This comes as a relief to some econopundits who blasted the idea that the FDIC might tap an emergency credit line from the Treasury that would put taxpayers on the hook for the nearly $5 trillion in liabilities. (FDIC Chairwoman Sheila Blair's gruesome promise that she'd rather take "bamboo shoots under the nails" than use funds was also reassuring.) Other analysts, however, think it's dumb to punish the strong banks--although the banks themselves support the idea, since it would spare them additional fees.
The best reactions:
- Great Idea--Make Banks Pay for Themselves, writes Barry Ritholtz at the Big Picture. "Given that the banking industry blew up due to the irresponsible behavior of its own members, seeing some of its leaders step up to facilitate further repairs to the sector is an idea I can get behind -- and is greatly preferable to yet another taxpayer funded bailout."
- Terrible Idea--Moral Hazard Galore, says Edward Harrison in Credit Writedowns.

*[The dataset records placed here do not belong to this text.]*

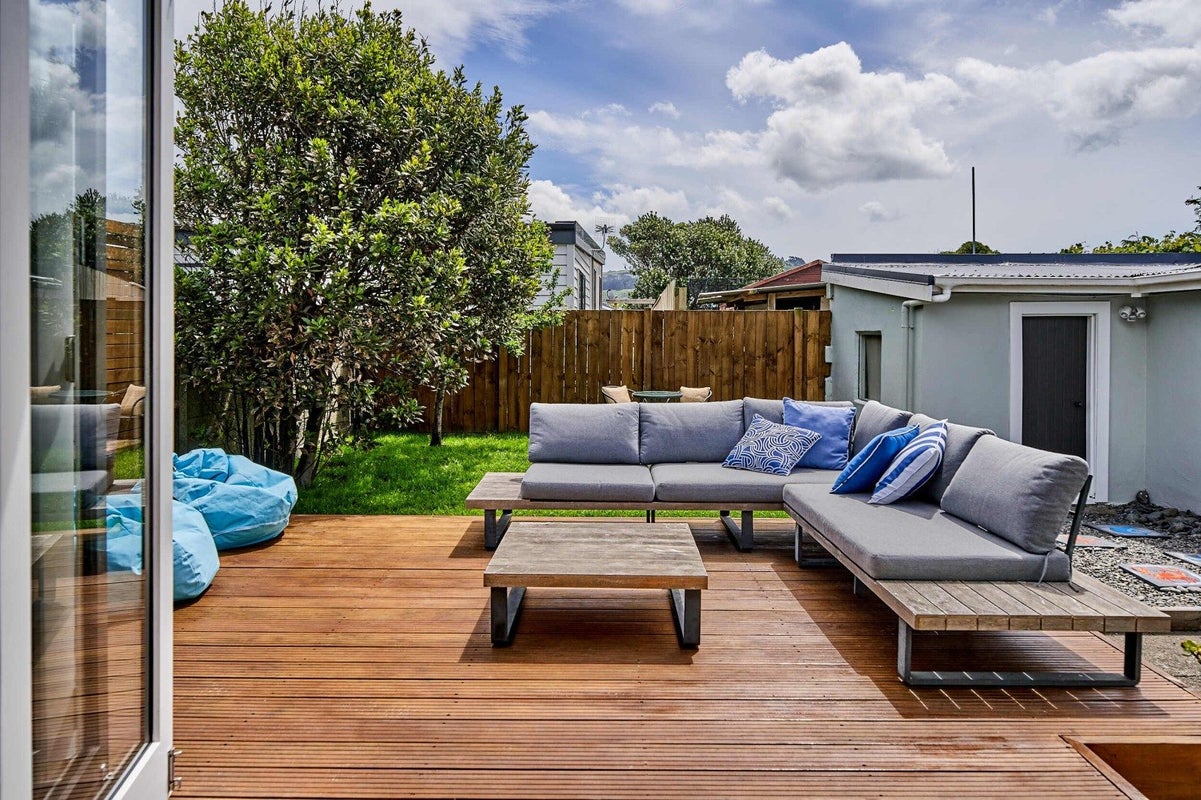 11 Tory Street, Petone, Lower Hutt - Carousel 2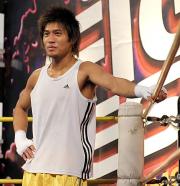 公開練習を終えたたずむイケメンＫ１戦士の上松（撮影・栗山尚久）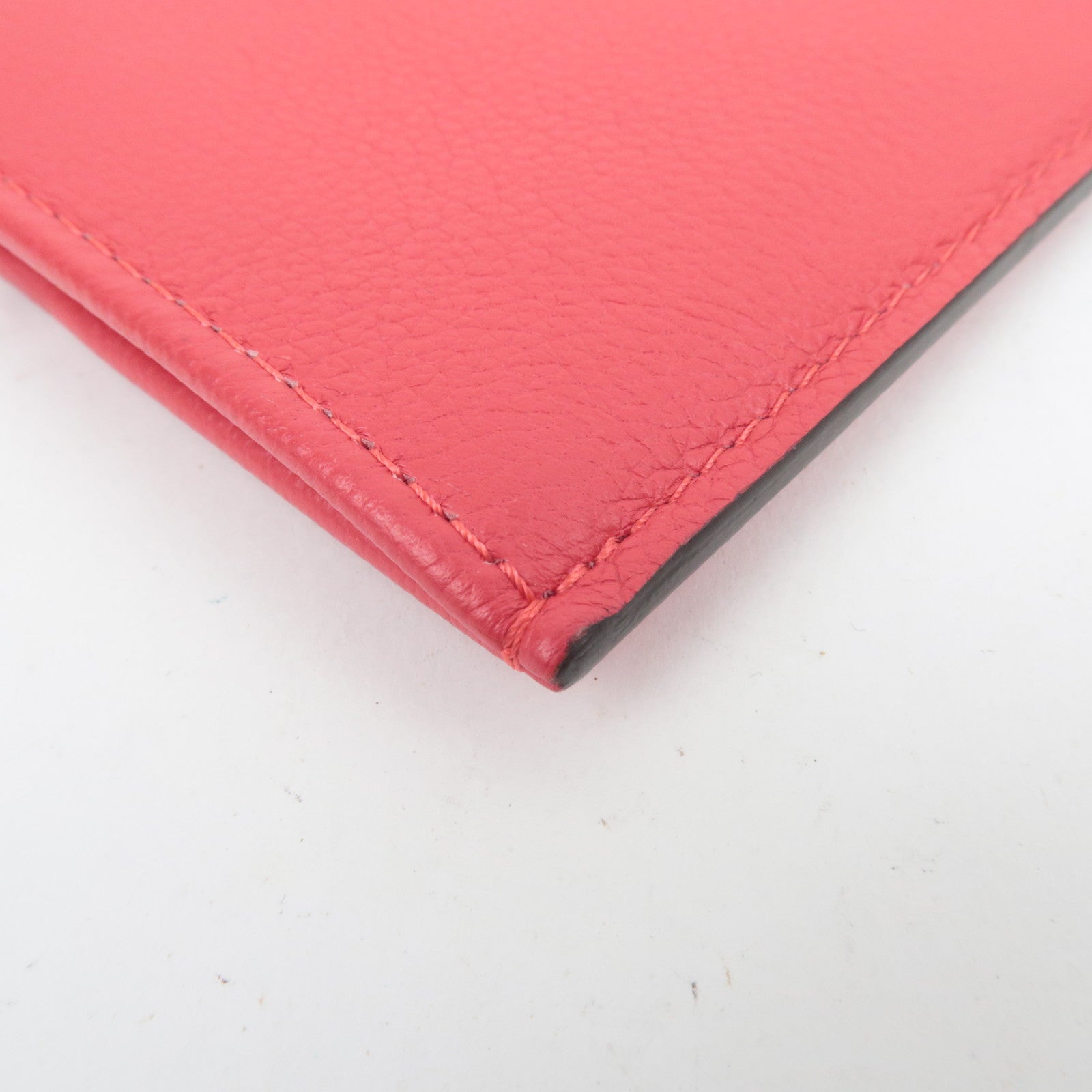 Louis Vuitton Pochette Jour PM Taurillon Leather Clutch Bag Rouge R99586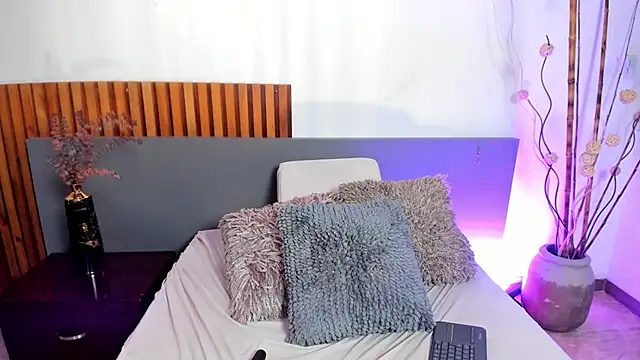 Zamira_Taylor Live XXX-Chat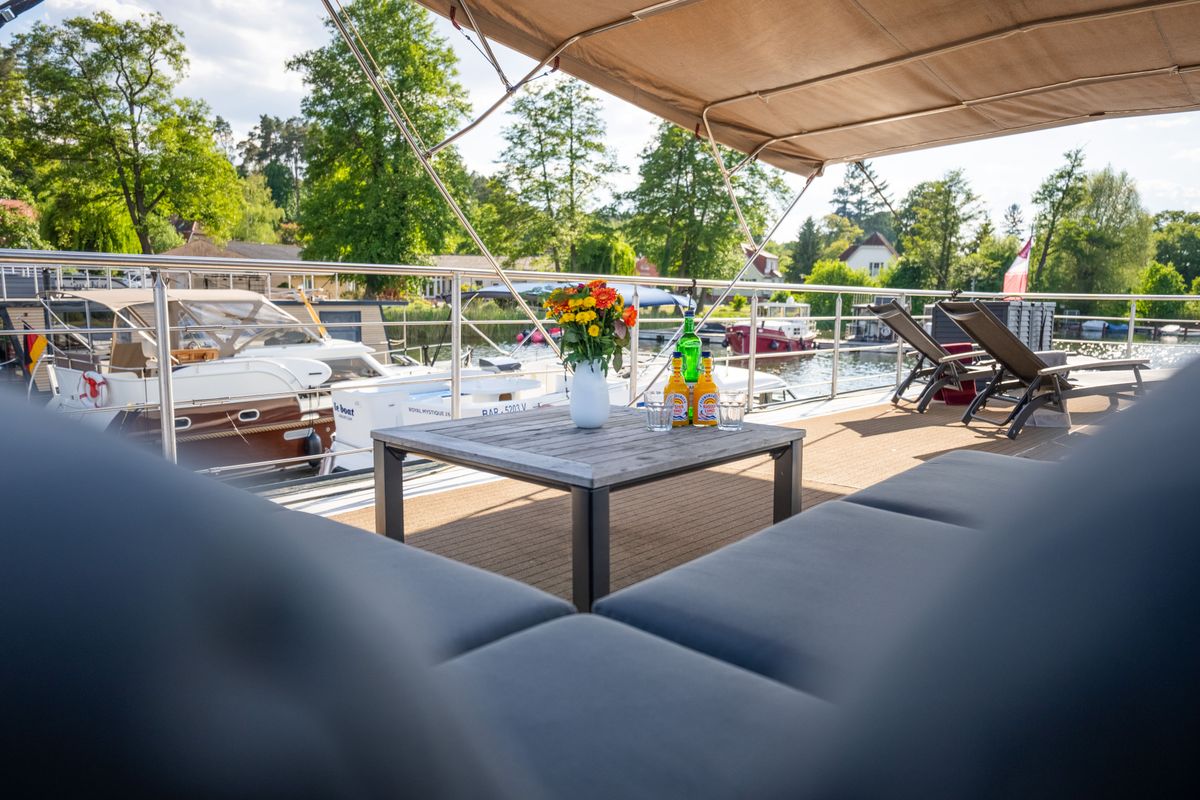 Deck of Brino, a Woma D13 motorboat at Fürstenberg/Havel, Germany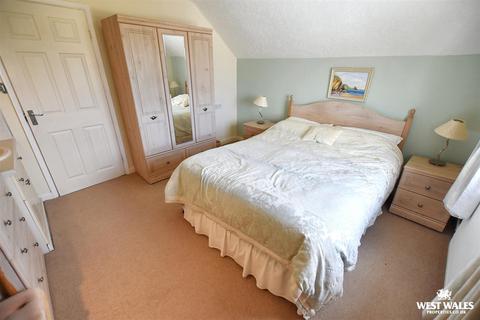 4 bedroom detached bungalow for sale, Grass Holm Close, Roch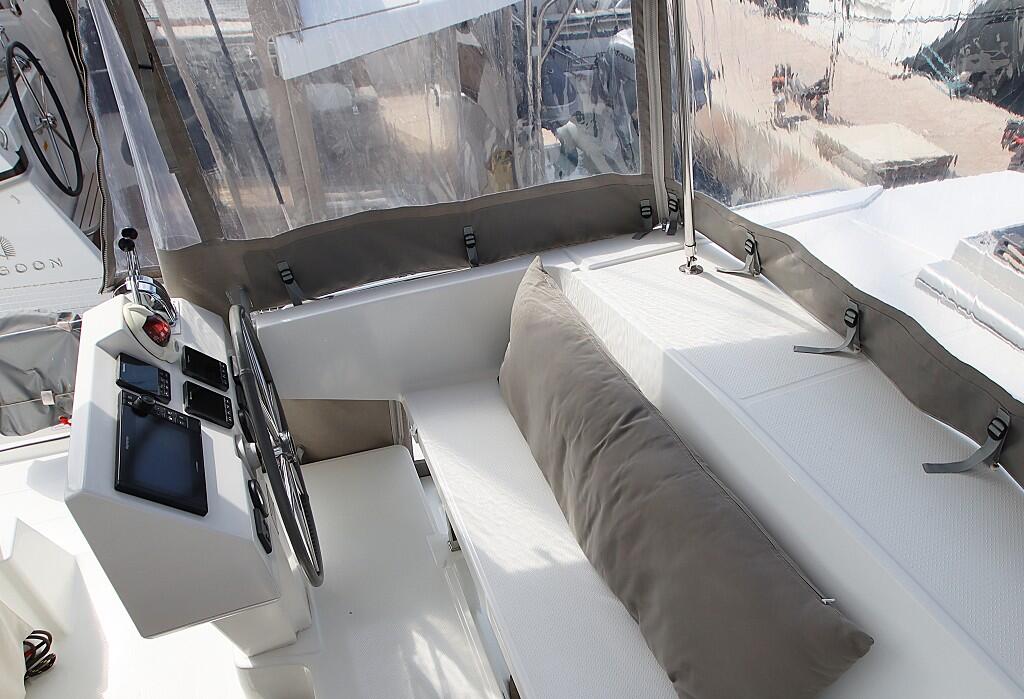 Catamaran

Harrison has covered the FDIC for a long time, and anticipated that the agency would turn to banks for an infusion. He is pessimistic on the idea, "Having prudent banks pay up for the mistakes of their reckless brethren is the height of moral hazard. This would not be good policy." He concludes with a jab at the administration's "phony" stress tests of banks, which have left the industry "very, very weak."
- Mixed--One of Three Tough Options, says Lita Epstein at Daily Finance. She explains that Blair could still decide to impose an additional fee on banks to raise the money, and notes that "in the long term" the FDIC may go begging at private equity funds or foreign banks. Because each possibility has unsavory downsides, she says, "the FDIC was forced to soften to their presence because it's running out of options."